As a result the New Democratic Party put forward amendments in the House to address issues of equity, fairness, responsibility and accountability. They were defeated by the government, by members of the Reform Party and by members of the Bloc Quebecois. This is very disconcerting to the people of Canada as well as to our caucus because we tried to inject some fairness.

I want to make a couple of points with respect to the bill. For example, the WTO is a new constitution for the globalized economy written by and for multinationals, the transnationals of the world. The government has rejected a policy of developing a social clause to the WTO that would ensure multinationals recognize basic labour and environmental standards to prevent the race to the bottom.

Even though the WTO supposedly offers a new rules based trading regime that will bring relief from trade harassment, American behaviour under NAFTA rules and evasive measures put into the American implementing legislation make it very unlikely that the Americans will play by the rules.

In my remarks today I want to focus on the American legislation and how it protects American producers and American businessmen. The Canadian legislation we see before the House today does not protect Canadians in the same way.

The biggest claim of WTO advocates is that it will inaugurate a new era of a rules based trading regime with enforceable rules regarding dumping and subsidies. The only problem is that the biggest single player, the United States, clearly has no intention of obeying the rules. We have already seen how under NAFTA rules the harassment of our trade in lumber and wheat has gone on unabated.

The results of the recent congressional elections do not give Canadians much cause for hope that this behaviour will change. More important, the Americans have written into their implementing legislation a long list of provisions that effectively guarantee that no WTO will ever overturn an American federal or state measure. The Americans have given notice that they will treat WTO rules as they have treated NAFTA rules: to ignore if they go against perceived American interests.

We in the New Democratic Party have proposed amendments that would have written into Canadian law exactly the same protection from WTO rulings the Americans have given to themselves. The government with typical gullibility about American goodwill chose to defeat our amendments. That reminds me: it is the same gullibility of the former Conservative Government of Canada. It bent over backward for the Americans and now we see the Liberals who were supposed to be different are not different. They are the same. They did exactly what the Conservative government did in the last Parliament of Canada. Liberal, Tory, same old story, I presume.

In one sense we can look forward to the American sabotage of the new WTO rules in the way that they have sabotaged the NAFTA dispute settlement mechanism. To get these rules we have sacrificed a tremendous amount of sovereignty over investment policy and social security standards. With a rules based system imposed on American protectionism we can begin to rebuild a new constitution for the global economy that represents the interests of the communities.
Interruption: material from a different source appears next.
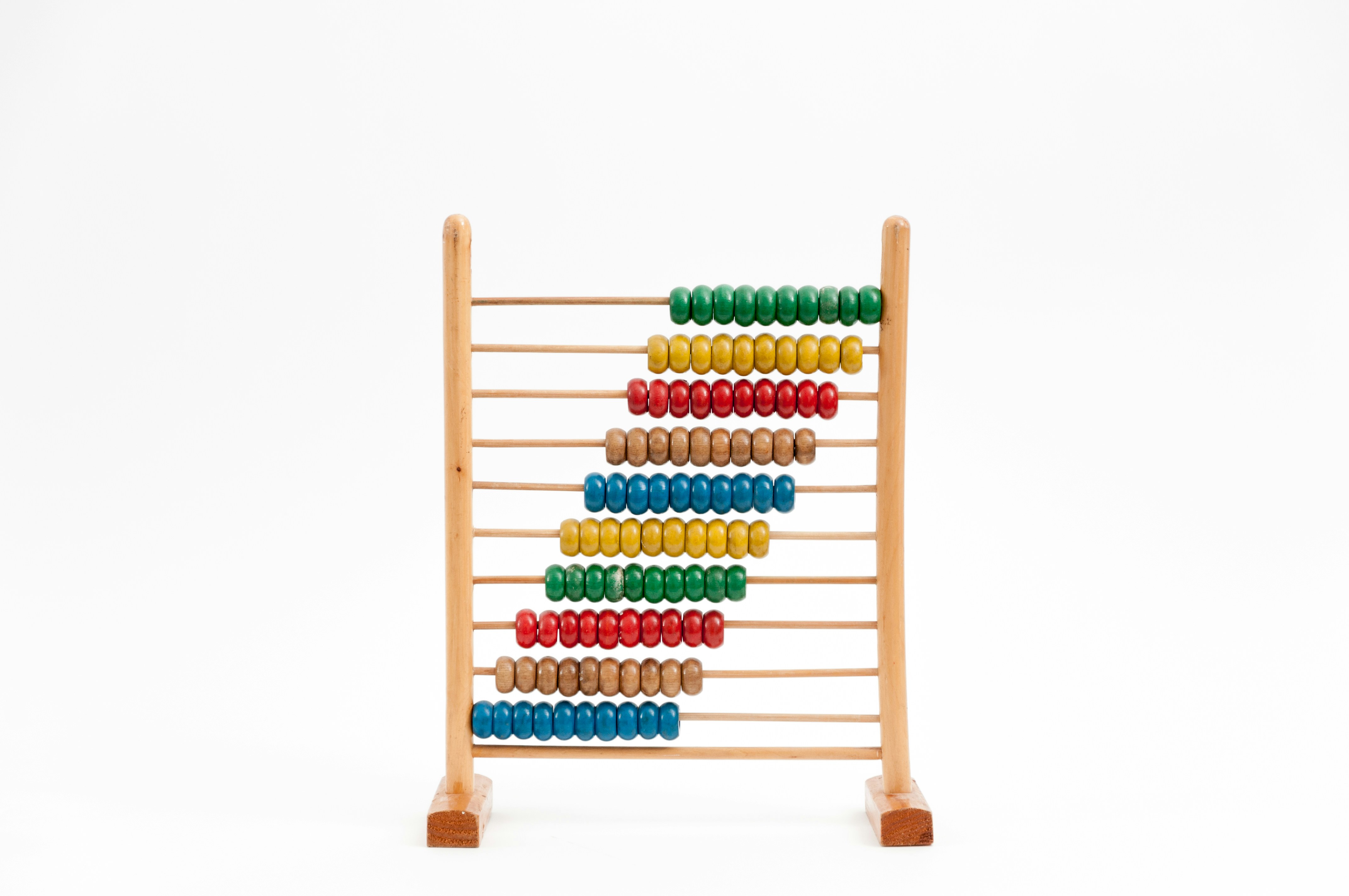 Abacus (Sempoa)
I share with members an incident that occurred involving myself and other members of the House of Commons last May. We are a member of the steel caucus. The steel caucus is composed of all parties with steel production in their constituencies. I am proud to say I have IPSCO, the Interprovincial Pipe and Steel Company in my district. It employs about 1,100 people. It is a very conscientious and environmentally sound corporation. It produces a significant amount of steel and pipe for the Canadian and American economies and for economies outside North America.

We visited with American congressmen and senators on the issue of steel production. The reason we were there was that Canadian steel producers had been injured by anti-dumping claims of the American steel industry. We went there to talk to the legislators because they have legislation in effect which ignores NAFTA and which ignores the WTO that we have before the House today to protect their own producers.

If they believe, if it is perceived-it does not have to be proven-to injure their own industry, they can use whatever ability they have under the legislation in effect to deflect or stop trading nations from selling that product in their country.

We have asked as a caucus to have this legislation amended to reflect the concerns of Canadian steel producers, our agricultural producers and others, including sugar, so that we are protected in the event that the WTO is injurious to Canadian producers. The government has defeated that. It ignored our requests and we are very concerned that as are the people in these industries.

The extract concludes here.